/WIICA

Workload ISA-Independent Characterization of Applications

Primary LanguageCOtherNOASSERTION

WIICA: Workload ISA-Independent Characterization for Applications

v1.0 Public Release
=================================================================
WIICA is a workload characterization tool to characterize the ISA-independent
characteristics of applications in the context of specialized architectures.
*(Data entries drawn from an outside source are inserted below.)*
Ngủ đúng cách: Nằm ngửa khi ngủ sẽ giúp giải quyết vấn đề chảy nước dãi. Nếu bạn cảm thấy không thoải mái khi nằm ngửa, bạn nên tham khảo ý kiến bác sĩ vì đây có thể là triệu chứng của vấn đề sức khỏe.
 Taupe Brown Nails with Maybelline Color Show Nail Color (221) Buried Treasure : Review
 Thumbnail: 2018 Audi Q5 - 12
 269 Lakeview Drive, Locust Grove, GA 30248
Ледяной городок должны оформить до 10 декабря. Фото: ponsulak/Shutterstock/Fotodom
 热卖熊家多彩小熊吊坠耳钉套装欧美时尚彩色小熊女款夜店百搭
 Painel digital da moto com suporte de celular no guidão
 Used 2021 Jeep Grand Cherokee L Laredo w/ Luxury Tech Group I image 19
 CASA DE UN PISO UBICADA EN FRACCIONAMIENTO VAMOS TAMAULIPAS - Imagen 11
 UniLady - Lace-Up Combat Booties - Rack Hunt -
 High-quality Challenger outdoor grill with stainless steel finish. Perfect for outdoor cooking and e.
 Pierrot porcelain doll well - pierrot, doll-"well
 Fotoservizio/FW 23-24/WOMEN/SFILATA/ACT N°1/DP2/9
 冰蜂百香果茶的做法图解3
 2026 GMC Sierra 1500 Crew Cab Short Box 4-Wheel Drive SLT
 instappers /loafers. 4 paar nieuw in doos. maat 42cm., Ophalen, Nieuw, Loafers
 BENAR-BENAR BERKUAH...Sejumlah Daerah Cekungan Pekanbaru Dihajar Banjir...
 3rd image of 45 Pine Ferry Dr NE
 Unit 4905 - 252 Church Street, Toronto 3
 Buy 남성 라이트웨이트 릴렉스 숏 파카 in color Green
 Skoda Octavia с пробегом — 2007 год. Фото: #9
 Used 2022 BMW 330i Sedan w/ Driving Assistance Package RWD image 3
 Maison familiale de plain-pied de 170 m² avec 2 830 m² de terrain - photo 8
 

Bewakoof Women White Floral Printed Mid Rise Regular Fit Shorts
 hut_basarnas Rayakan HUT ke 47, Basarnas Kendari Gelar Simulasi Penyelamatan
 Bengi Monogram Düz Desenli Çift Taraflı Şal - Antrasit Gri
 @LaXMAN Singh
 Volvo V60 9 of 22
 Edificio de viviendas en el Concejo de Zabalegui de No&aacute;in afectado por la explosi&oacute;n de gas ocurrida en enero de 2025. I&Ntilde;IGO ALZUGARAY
If you use WIICA in your research, please cite:

ISA-Independent Workload Characterization and its Implications for Specialized
Architectures,
Yakun Sophia Shao and David Brooks,
International Symposium on Performance Analysis of Systems and Software
(ISPASS), April 2013

==================================================================
0. Build WIICA

1) LLVM 3.4 and Clang 3.4 64-bit
2) LLVM IR Trace Profiler (LLVM-Tracer)
   LLVM-Tracer is an LLVM compiler pass that instruments code in LLVM
   machine-independent IR. It prints out a dynamic trace of your program, which
   then be take as input for WIICA (and Aladdin.)

   You can download LLVM-Tracer from here:
   [https://github.com/ysshao/LLVM-Tracer]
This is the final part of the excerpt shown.